这么麻烦,就是为了不让那两名特殊的乘客察觉到,飞机在掉头。
在航程中,老付“代表”中国政府,对贾拉布表达了歉意,并表达了以后和他们全面合作的意向。
对于哈里德,老付说,等他安置好贾拉布后,随时欢迎他再来中国,做为神的代表,参加催毁中国原版“正义之眼”的仪式。
同时,也希望他成为联系中国和神之间的纽带,成为“和平大使”……
事后,老付说在那一个多小时里,他把好几辈子的蛋都扯完了。
哈里德越说越高兴,就连贾拉布后来也参与进来。
说中国监狱里的饭,是全世界的牢饭里最好吃的。
其间,飞行员来送过一次饮料和点心,老付拿起就吃,但贾拉布用眼神制止了哈里德。
“不吃也好!”
老付尴尬地笑了笑,“反正很快就要到了
似乎是为了化解这突然冷下来的气氛,贾拉布说了几句话,然后哈哈大笑。
哈里德翻译过来,原来贾拉布问,这架飞机上为什么不准备几个空姐?好让这段飞行不那么无聊。
老付愣了一下,旋即也哈哈大笑起来。
最后,贾拉布甚至还通过哈里德,对老付发出了访问邀请。
……
飞机再次在沙河机场降落,滑行进入了另一个机库。
舱门打开,几名穿着菲律宾制式服装的,深色皮肤的执法者上机。
在核对了贾拉布和哈里德的身份后,把他们架下飞机,老付跟在他们的后面。
随后,两名飞行员也走下飞机,他们要和等候在此的马尼拉机场官员,完成必要的手续。
飞行员一高一矮,矮的那个是肖新兰化妆的。
她戴着帽子和大墨镜,衣服宽大,背手站在舷梯边,紧盯哈里德他们的背影。
当然,所有外国人也是群众演员。
机库里有两组人和车,离飞机最近的一组,是菲律宾执法者。
交接完毕后,老付和哈里德、贾拉布两个人握手告别。
菲律宾执法者押送他们,走向机库深处的另一组人。
那是印尼方面来人,没有穿军装或者警服,除了几个提着公文包的政府人员外,还有两个大胡须的宗教界代表。

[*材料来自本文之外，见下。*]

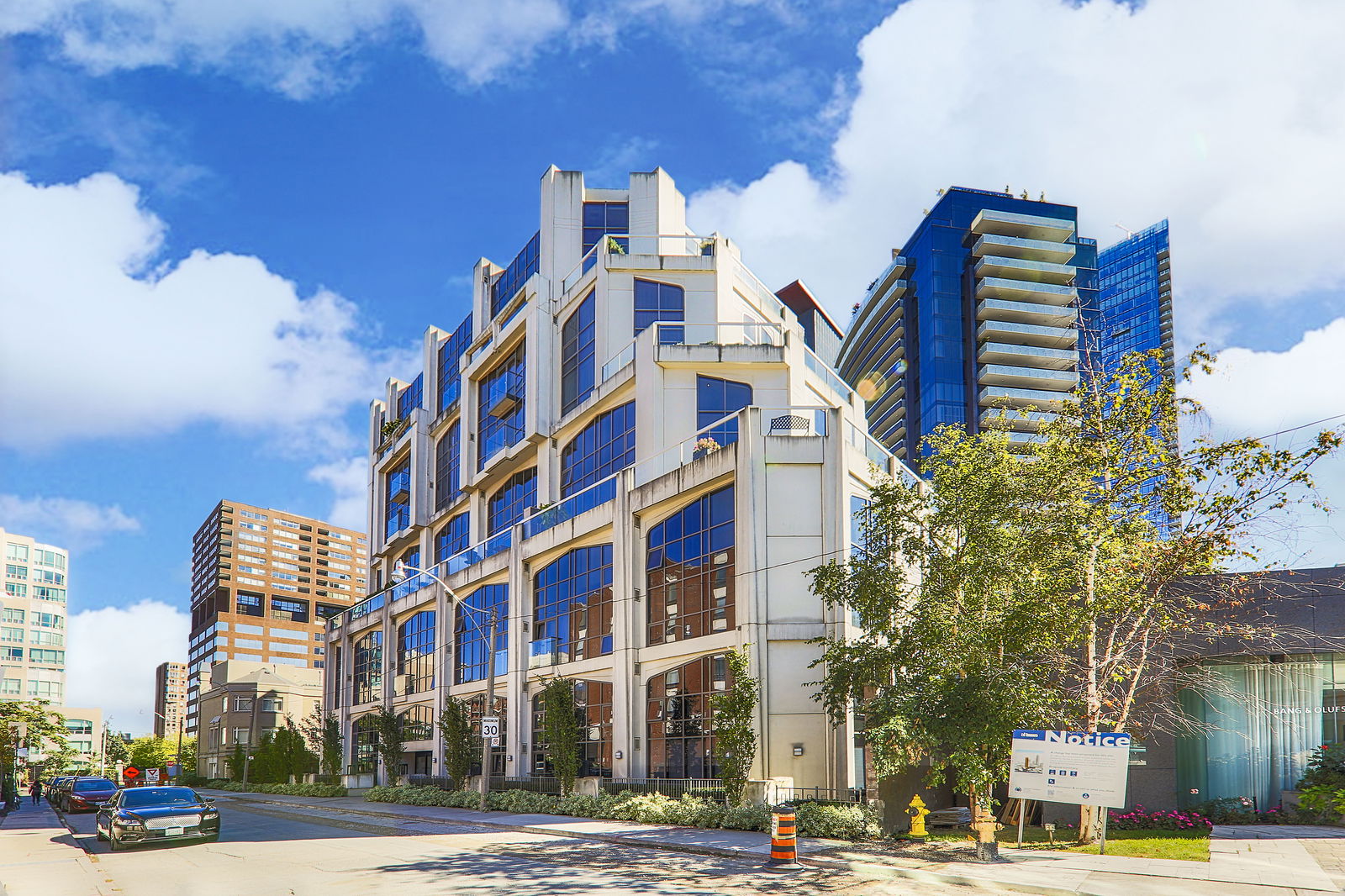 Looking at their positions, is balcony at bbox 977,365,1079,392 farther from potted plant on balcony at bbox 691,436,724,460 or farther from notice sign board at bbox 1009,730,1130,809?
notice sign board at bbox 1009,730,1130,809

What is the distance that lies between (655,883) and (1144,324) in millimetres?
181087

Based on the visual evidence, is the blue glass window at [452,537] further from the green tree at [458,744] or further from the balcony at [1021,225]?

现在其实已经没有老付的事了,但是他仍然跟在菲律宾执法者的后面,肖新兰也快步跟了上去,并没有人阻止他们。
当哈里德和贾拉布,在一辆白色奔驰越野车的后座上坐好后,老付走上前去,手扶门框,阻止印尼人关上车门。
“哈里德,一切都按你的要求做了,你该告诉我,那个解药的秘密了!编号是多少?”老付问哈里德。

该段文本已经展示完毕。